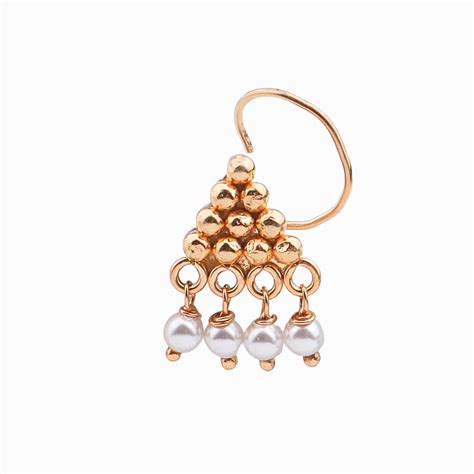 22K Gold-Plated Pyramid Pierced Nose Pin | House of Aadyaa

○ ○ ○

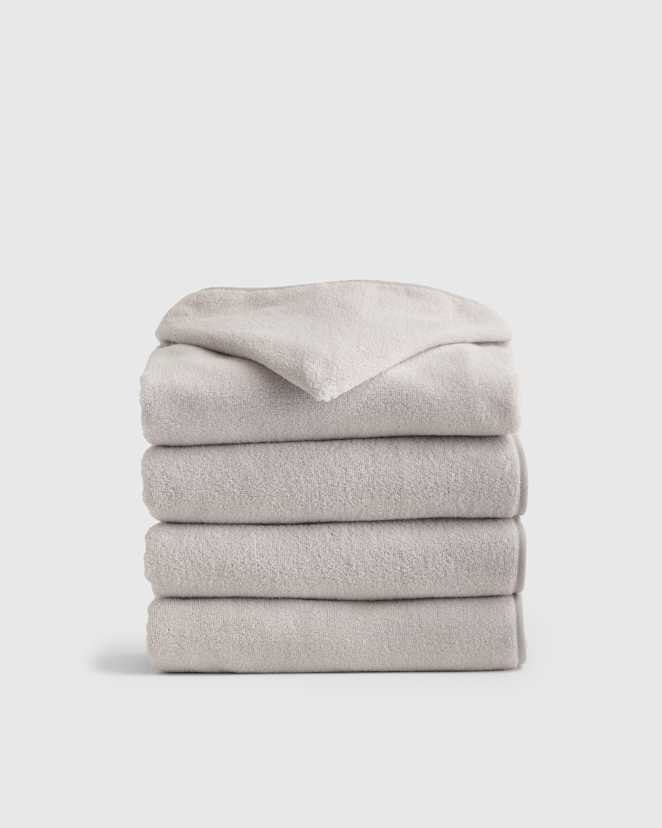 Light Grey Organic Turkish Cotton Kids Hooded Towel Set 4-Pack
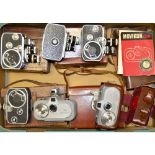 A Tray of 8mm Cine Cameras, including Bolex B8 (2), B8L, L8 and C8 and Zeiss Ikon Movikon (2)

○ ○ ○

Range to copy from the records above: the line containing "Light Grey Organic" to the line containing "A Tray of 8mm", both included. Output those lines exactly and only those, skipping pictures.

 Light Grey Organic Turkish Cotton Kids Hooded Towel Set 4-Pack
 A Tray of 8mm Cine Cameras, including Bolex B8 (2), B8L, L8 and C8 and Zeiss Ikon Movikon (2)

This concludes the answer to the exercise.